Artists can play an integral role in communities across the country, such as providing significant economic and social value and enabling everyone to lead artful lives. Developing and sustaining engagement between artists and communities, with a value placed on the creative process, has demonstrable benefits. As such, it is critical that artists are supported with the tools necessary to ensure that all Americans have access to the arts. 

The Regional Engagement Program (REP) recognizes a contemporary evolution of regional arts organizations’ service to the field, through their support for artist-centered engagement, with an emphasis on programs that reach underserved groups/communities and enhance public engagement with the arts. For the purposes of these guidelines, an underserved group/community includes populations whose opportunities to experience the arts have been limited by factors such as geography, economics, race or ethnicity, or disability. Within this broad definition, RAOs are asked to specify their own underserved constituencies. If your organization has determined that there is an underserved group or community, please indicate whether there is any empirical research, studies, or data supporting that determination.

The NEA is committed to supporting equitable opportunities for arts participation and practice for everyone through its partnership agreement with the regional arts organizations. This commitment is reflected in the NEA’s 2022-2026 NEA Strategic Plan. A portion of the funding for each Regional Partnership Agreement grant has historically been used to extend the reach of the arts to underserved groups/communities with rich and dynamic artistic and cultural contributions.

The use of funds to support artist-centered engagement recognizes:

  • The central role of artists in helping everyone live more artful lives
  • The importance of deep and sustained relationships, between communities and arts organizations, and the role of artists in relationship-building
  • The capacity of artists to help strengthen the health, wellbeing, and economic vitality of communities through work at the intersection of arts and other fields (as relevant, and including but not limited to fields such as education, health, transportation, etc.)
  • The crossover between groups defined as “artists”, “arts organizations”, and “community”, and the reciprocal value these groups provide to each other
  • The value in an artist’s creative process, as well as in the presentation of completed work

Support is available for regional programs relevant to this recognition, in ways most applicable to each community and region.
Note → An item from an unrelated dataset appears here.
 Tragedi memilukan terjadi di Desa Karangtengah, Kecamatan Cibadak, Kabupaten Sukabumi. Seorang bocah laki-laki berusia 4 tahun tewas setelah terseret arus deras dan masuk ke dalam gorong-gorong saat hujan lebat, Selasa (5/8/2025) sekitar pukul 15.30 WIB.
Support is available for regional programs that:

  • Increase access to the arts in underserved groups/communities
  • Enhance public engagement with the arts
  • Are based on planning with stakeholders including, but not limited to: artists, arts ensembles, arts organizations, and/or other partners such as state arts agencies, local arts agencies, and other community groups.
  • Examples of such programs include, but are not limited to, touring and presentation, artist residencies, educational programming, professional development, artist professional network and cohort development, and/or the creation of new work by artists.

Please note the following:

  • Programs must be compliant with the NEA General Terms and Conditions for Partnership Agreement grants.
  • Selection processes must base funding decisions on criteria that rely primarily upon artistic excellence and artistic merit.
  • Programming must be accessible to, and engage with, individuals and artists of all abilities, including in-person or virtual elements in compliance with federal law.
  • No more than 20 percent of the NEA Regional Engagement funds may be used to support an RAO's administrative costs. RAOs should determine the number and size of grants for their program, informed by regional planning, community conversations, and programmatic/service history.